▸ **Directions**
Would you copy the listing below exactly, keeping the pictures out?
+++ Recorded data
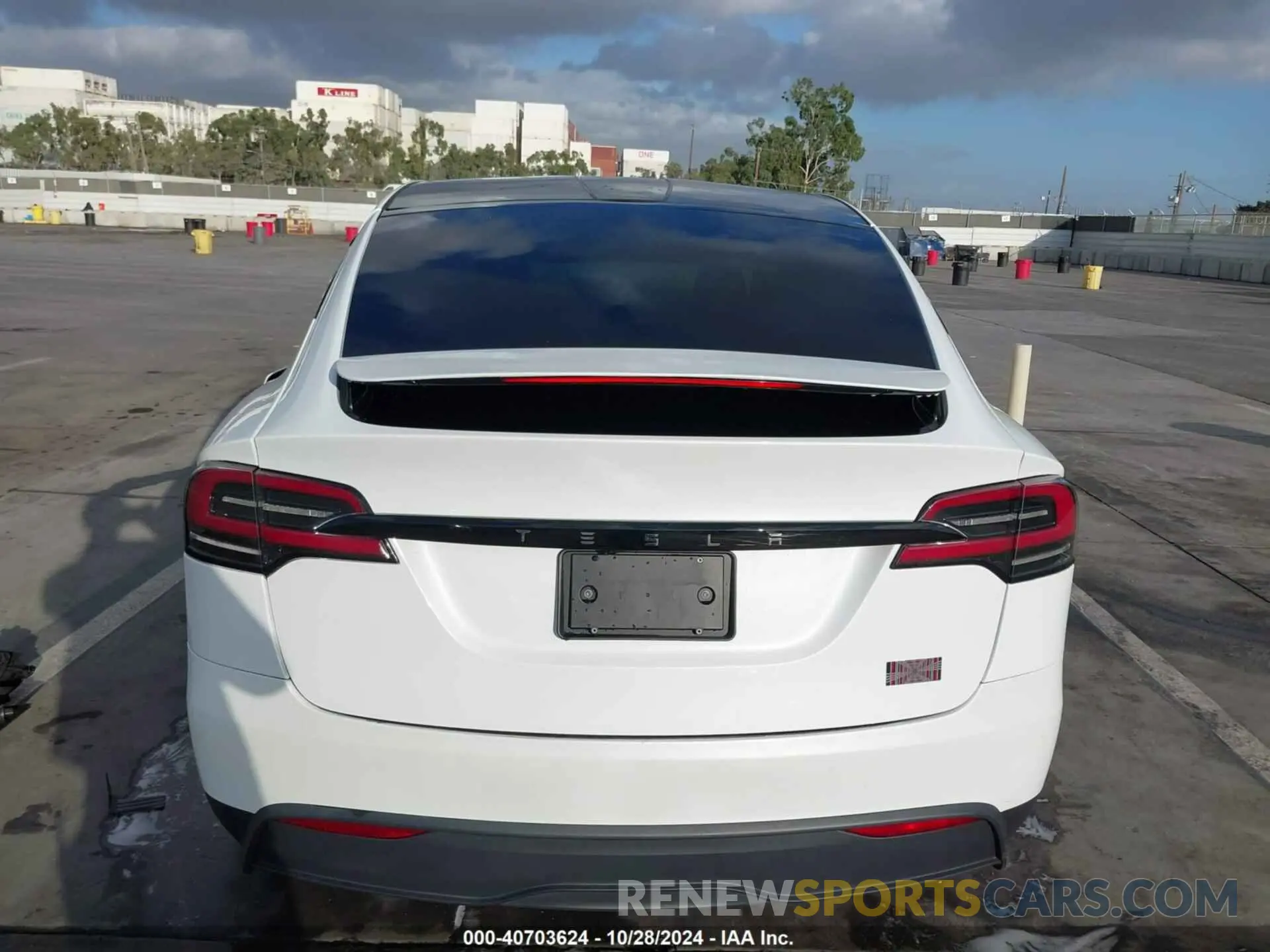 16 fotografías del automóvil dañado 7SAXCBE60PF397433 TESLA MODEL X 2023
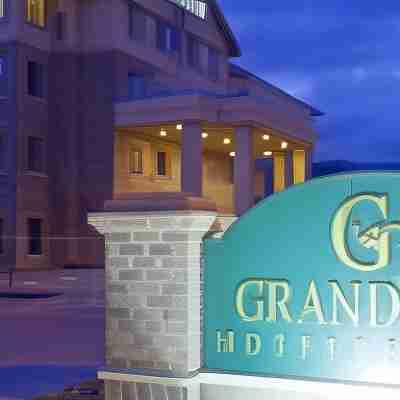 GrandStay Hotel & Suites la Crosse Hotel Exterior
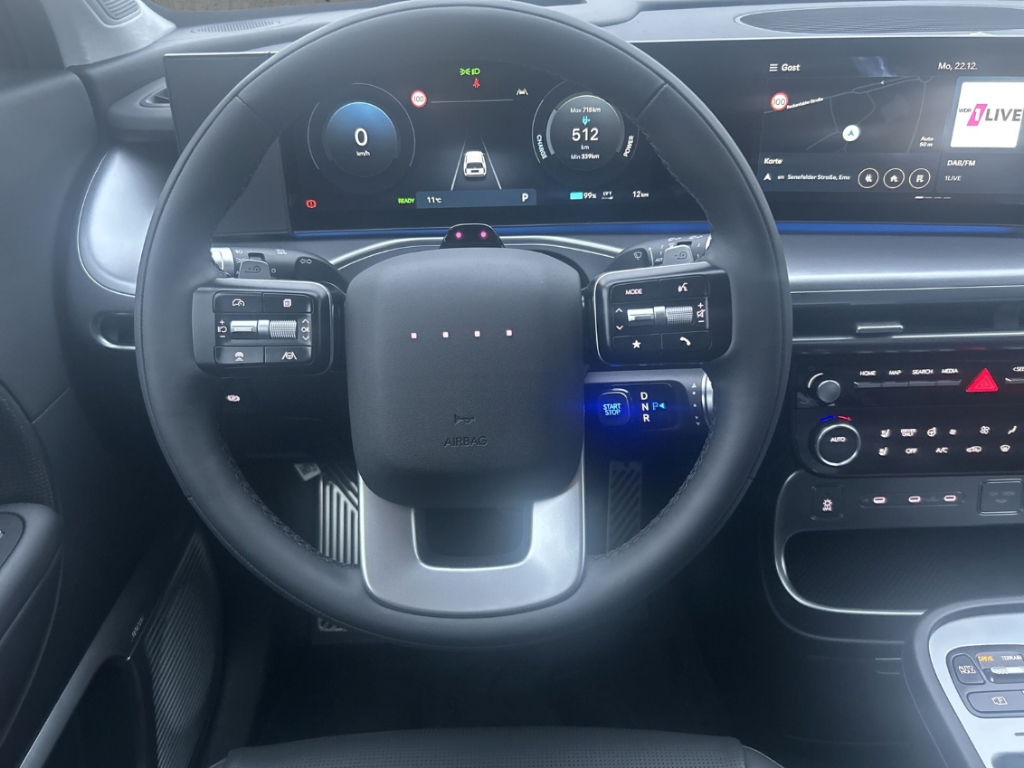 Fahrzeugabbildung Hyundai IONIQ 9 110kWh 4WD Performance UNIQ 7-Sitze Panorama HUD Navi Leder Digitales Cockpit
++++++
▸ **Response to the exercise**
 16 fotografías del automóvil dañado 7SAXCBE60PF397433 TESLA MODEL X 2023
 GrandStay Hotel & Suites la Crosse Hotel Exterior
 Fahrzeugabbildung Hyundai IONIQ 9 110kWh 4WD Performance UNIQ 7-Sitze Panorama HUD Navi Leder Digitales Cockpit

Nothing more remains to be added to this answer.